The world’s biggest pharmaceutical company hired investigators to unearth evidence of corruption against the Nigerian attorney general in order to persuade him to drop legal action over a controversial drug trial involving children with meningitis, according to a leaked US embassy cable.

Pfizer was sued by the Nigerian state and federal authorities, who claimed that children were harmed by a new antibiotic, Trovan, during the trial, which took place in the middle of a meningitis epidemic of unprecedented scale in Kano in the north of Nigeria in 1996.

Last year, the company came to a tentative settlement with the Kano state government which was to cost it $75m.

But the cable suggests that the US drug giant did not want to pay out to settle the two cases – one civil and one criminal – brought by the Nigerian federal government.

The cable reports a meeting between Pfizer’s country manager, Enrico Liggeri, and US officials at the Abuja embassy on 9 April 2009. It states: “According to Liggeri, Pfizer had hired investigators to uncover corruption links to federal attorney general Michael Aondoakaa to expose him and put pressure on him to drop the federal cases.

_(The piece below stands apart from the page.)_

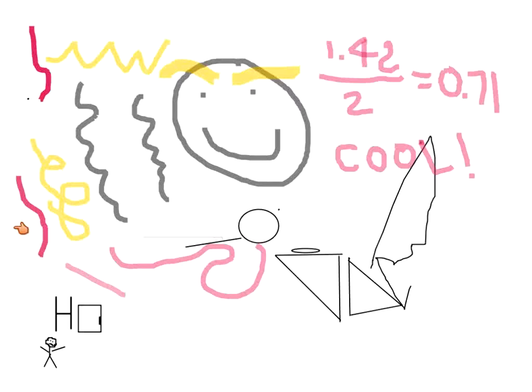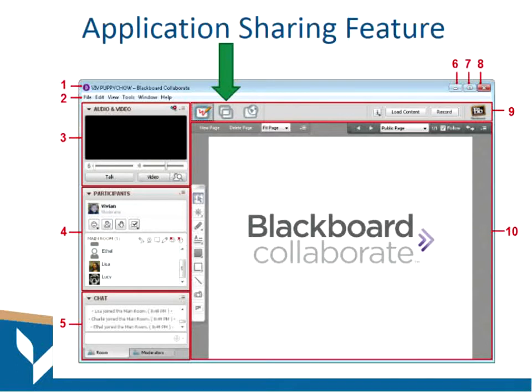Now I'm going to take these tools away because we're going to move on. We are going to talk about the application sharing feature. Up on the communication tab up here, you have these three options: this one is your whiteboard that we just went over, the next is the application sharing feature, and this is your web tour.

He said Pfizer’s investigators were passing this information to local media.”

The cable, classified confidential by economic counsellor Robert Tansey, continues: “A series of damaging articles detailing Aondoakaa’s ‘alleged’ corruption ties were published in February and March. Liggeri contended that Pfizer had much more damaging information on Aondoakaa and that Aondoakaa’s cronies were pressuring him to drop the suit for fear of further negative articles.”

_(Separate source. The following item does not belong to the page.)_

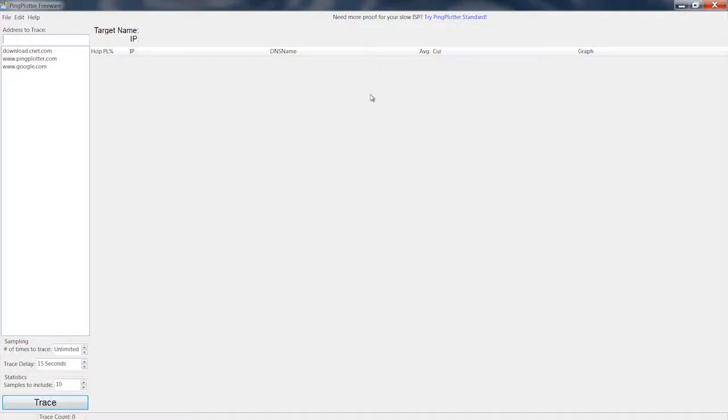Another application that uses this is Ping Plotter, which basically plots ping data across your network.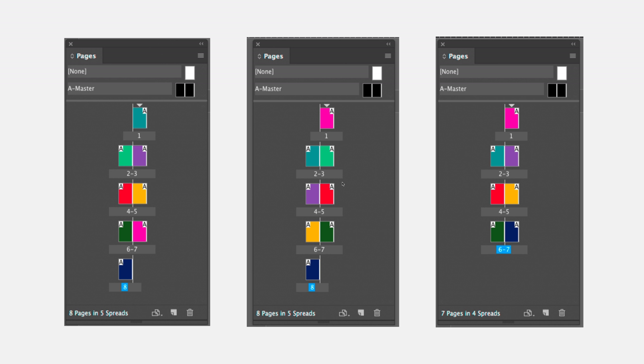The same idea applies if I delete a page. If I decide that I no longer want the green page here, all the rest of the pages will shuffle up to fill its space.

While many thousands fell ill during the Kano epidemic, Pfizer’s doctors treated 200 children, half with Trovan and half with the best meningitis drug used in the US at the time, ceftriaxone. Five children died on Trovan and six on ceftriaxone, which for the company was a good result. But later it was claimed Pfizer did not have proper consent from parents to use an experimental drug on their children and there were questions over the documentation of the trial. Trovan was licensed for adults in Europe, but later withdrawn because of fears of liver toxicity.

More here.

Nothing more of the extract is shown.